“Remember the sabbath day, to keep it holy,” Exodus 20:8.
1. Please note the first word: REMEMBER. What does that tell us? Is it not that we are inclined to forget the Sabbath Day and thus fail to ‘keep it holy’.
2. Let us look at the meaning of the name of this special day. ‘Sabbath’ means ‘rest from labour’. Gen 2:2 gives us the root meaning of the word. “And on the seventh day God ended his work which he had made; and he rested on the seventh day from all his work which he had made,” Genesis 2:2. The Sabbath then is a day of rest from all labour.
The Shorter Catechism asks: How is the Sabbath to be sanctified?
Answer: The Sabbath is to be sanctified by a holy resting all that day, even from such worldly employments and recreations as are lawful on other days; and spending the whole time in the public and private exercises of God's worship, except so much as is to be taken up in the works of necessity and mercy.
3. Why did the 1st day of the week become the Sabbath for Christians? The Shorter Catechism teaches: “From the beginning of the world to the resurrection of Christ, God appointed the seventh day of the week to be the weekly Sabbath; and the first day of the week ever since, to continue to the end of the world, which is the Christian Sabbath.”
That is proved by the fact that the apostle Paul observed the first day as a Sabbath in Acts 20:7. “And upon the first day of the week, when the disciples came together to break bread, Paul preached unto them.”
The reason for this change is simple. In the Old Testament times, the Sabbath marked the ending of God’s great work of CREATION.
In the New Testament times, the Sabbath marked the ending of God’s great work of REDEMPTION. The first day of the week was when Christ rose from the dead, His work of redemption completed.
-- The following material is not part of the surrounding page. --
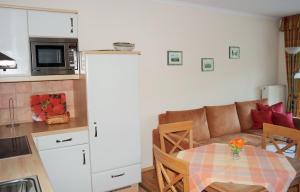 ヴァンガーオーゲにあるFerienwohnung Parkblick im Haus Nautilusのテーブルとソファのあるリビングルーム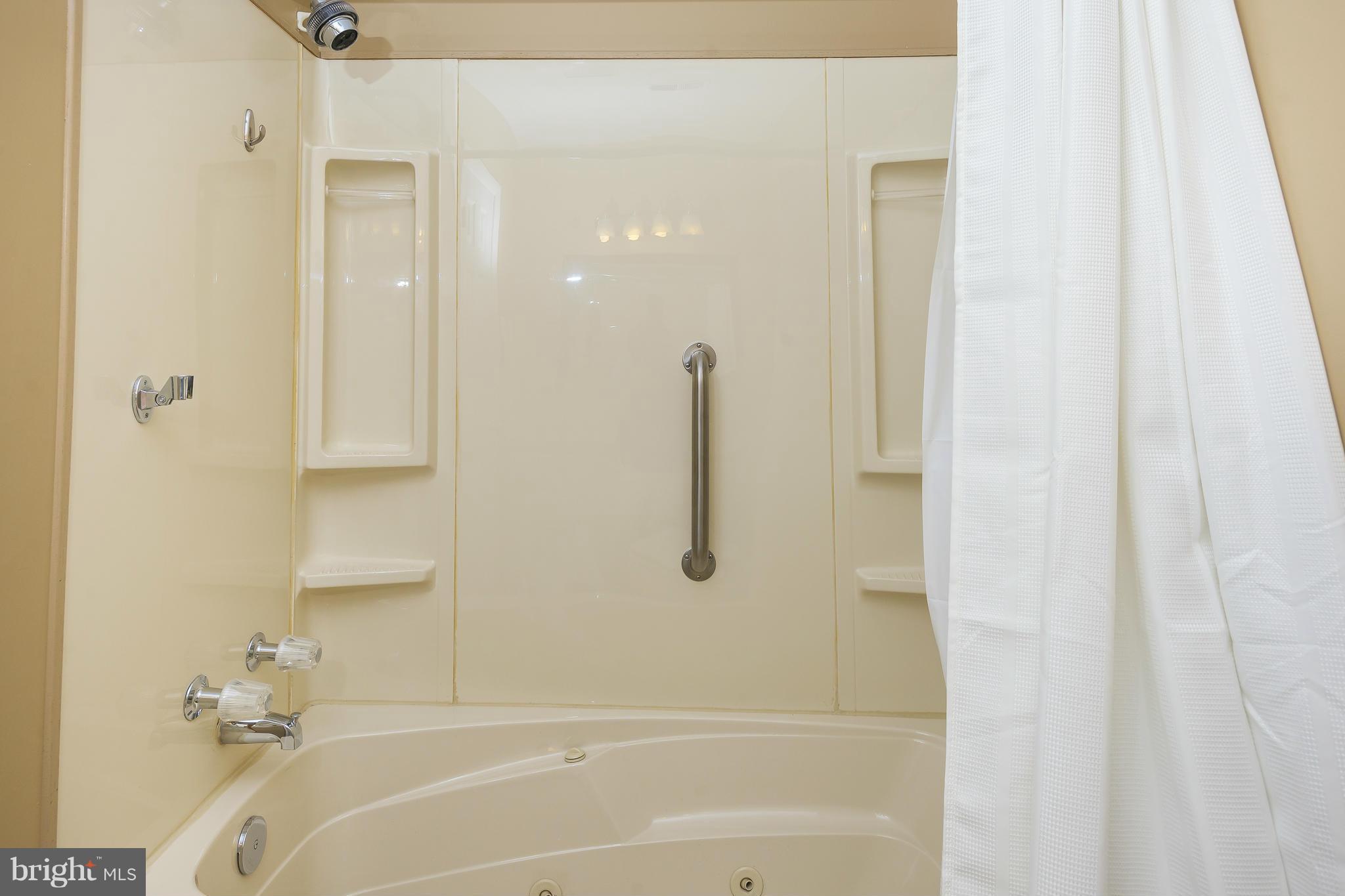 THE PROVINCES - Residential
Christian disciples have commemorated that day since. “Upon the first day of the week let every one of you lay by him in store, as God hath prospered him, that there be no gatherings when I come,” 1 Cors 16:2. This was when Christians assembled to worship. It is called here in the Greek tongue, a ‘Sabbaton’ or the equivalent of the Hebrew word, ‘Sabbath’.
The first day is also called ‘the Lord’s Day’. “I was in the Spirit on the Lord’s day, and heard behind me a great voice, as of a trumpet,” Rev 1:10. It was obviously observed by John, even when on his own, as a holy day.
Note, it is the day the Lord drew near to him . . . . . and taught him of things which must come to pass in a swift manner, verse 1.